━━━ SOURCE MATERIAL ━━━

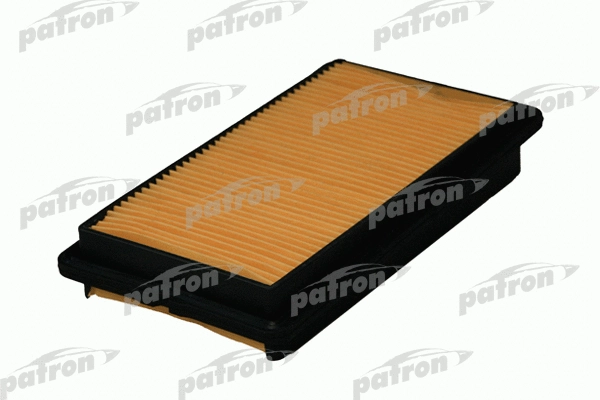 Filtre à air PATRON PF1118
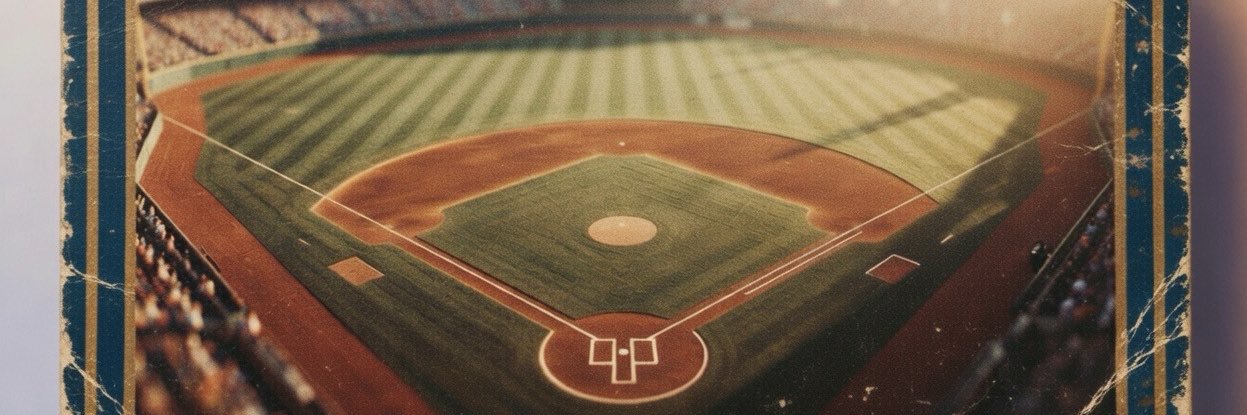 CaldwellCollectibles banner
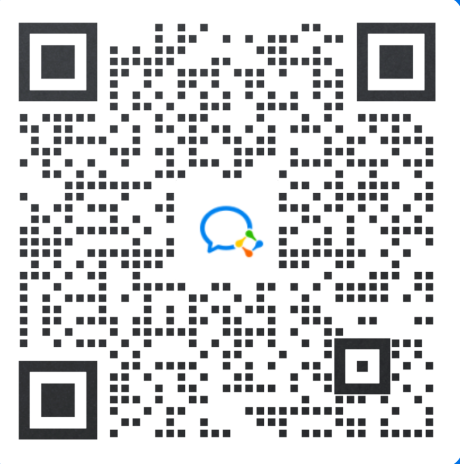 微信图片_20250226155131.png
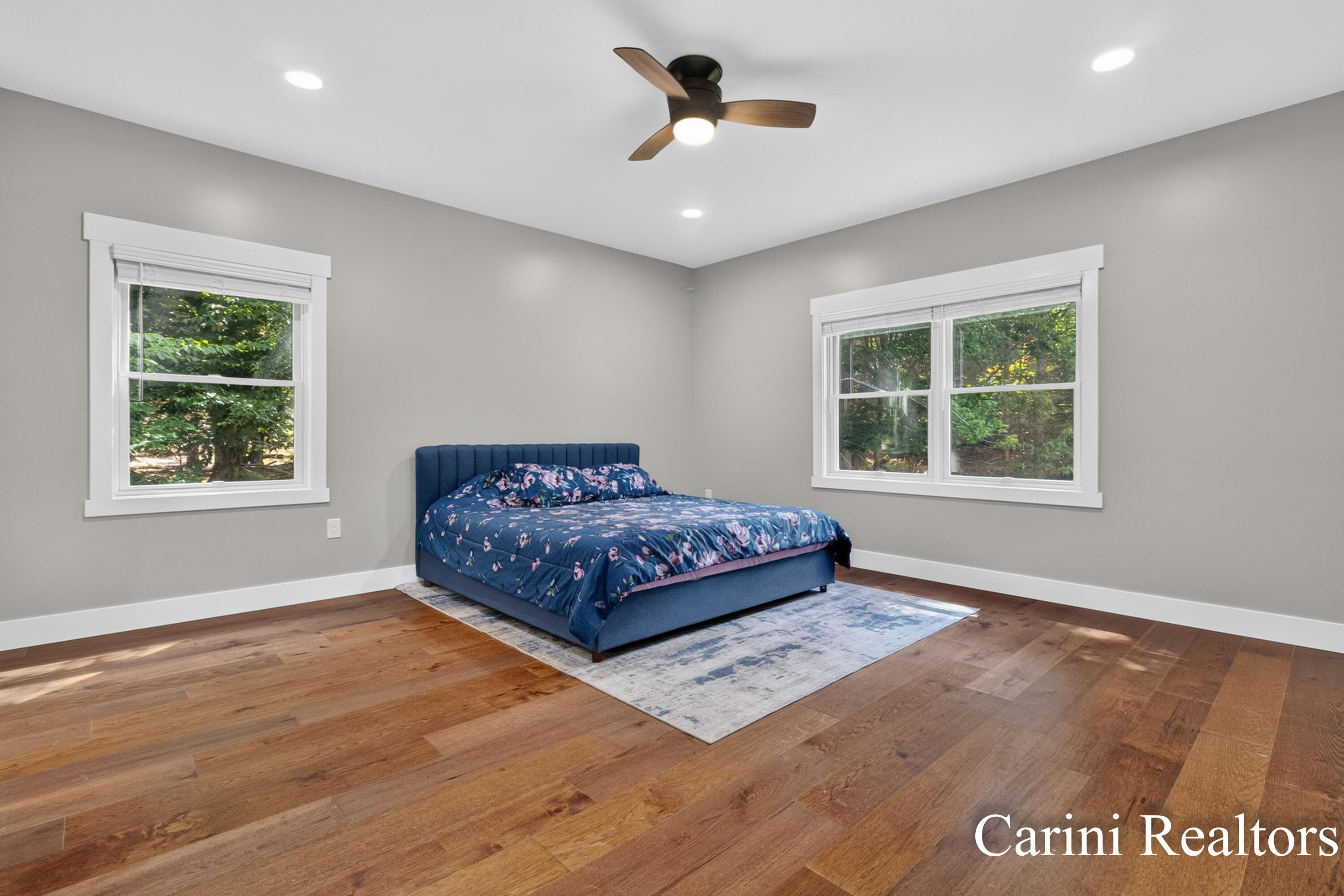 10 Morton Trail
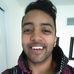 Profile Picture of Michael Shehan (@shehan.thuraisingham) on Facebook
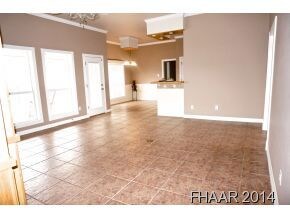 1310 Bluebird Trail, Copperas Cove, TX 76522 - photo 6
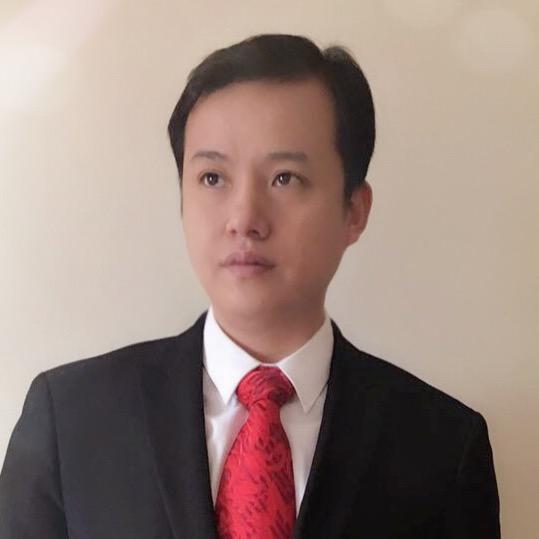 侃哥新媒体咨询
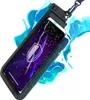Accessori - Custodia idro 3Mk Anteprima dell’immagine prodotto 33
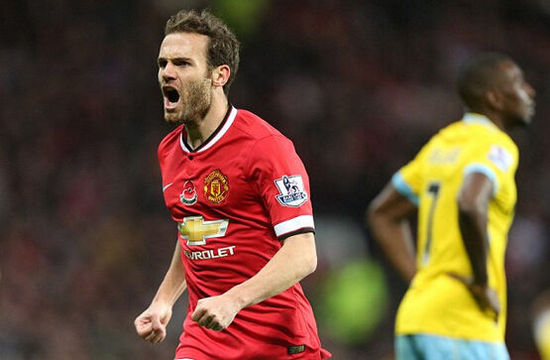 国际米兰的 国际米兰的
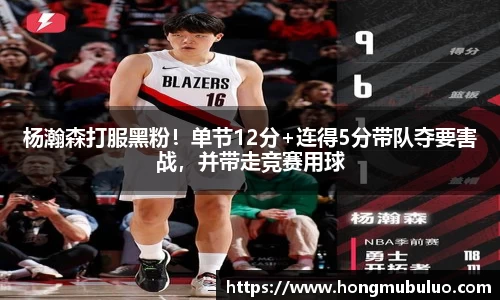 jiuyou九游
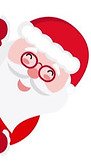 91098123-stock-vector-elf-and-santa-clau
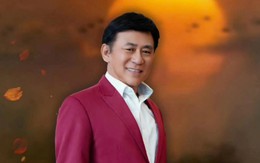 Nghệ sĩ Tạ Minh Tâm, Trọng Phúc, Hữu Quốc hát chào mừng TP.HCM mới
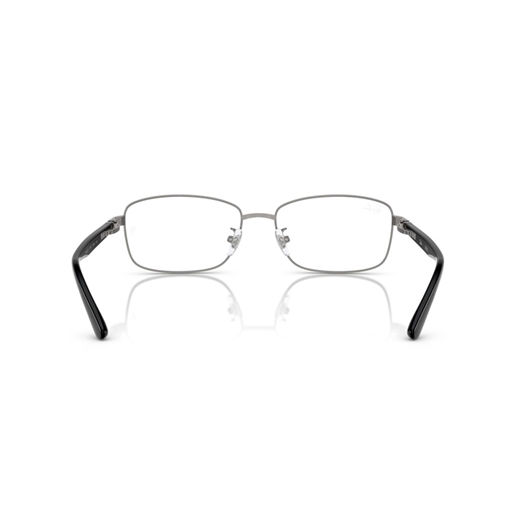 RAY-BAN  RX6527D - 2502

━━━

All the data above is to be transcribed exactly, with no pictures included.

**TASK OUTPUT**
 Filtre à air PATRON PF1118
 CaldwellCollectibles banner
 微信图片_20250226155131.png
 10 Morton Trail
 Profile Picture of Michael Shehan (@shehan.thuraisingham) on Facebook
 1310 Bluebird Trail, Copperas Cove, TX 76522 - photo 6
 侃哥新媒体咨询
Accessori - Custodia idro 3Mk Anteprima dell’immagine prodotto 33
 国际米兰的 国际米兰的
 jiuyou九游
 91098123-stock-vector-elf-and-santa-clau
 Nghệ sĩ Tạ Minh Tâm, Trọng Phúc, Hữu Quốc hát chào mừng TP.HCM mới
 RAY-BAN  RX6527D - 2502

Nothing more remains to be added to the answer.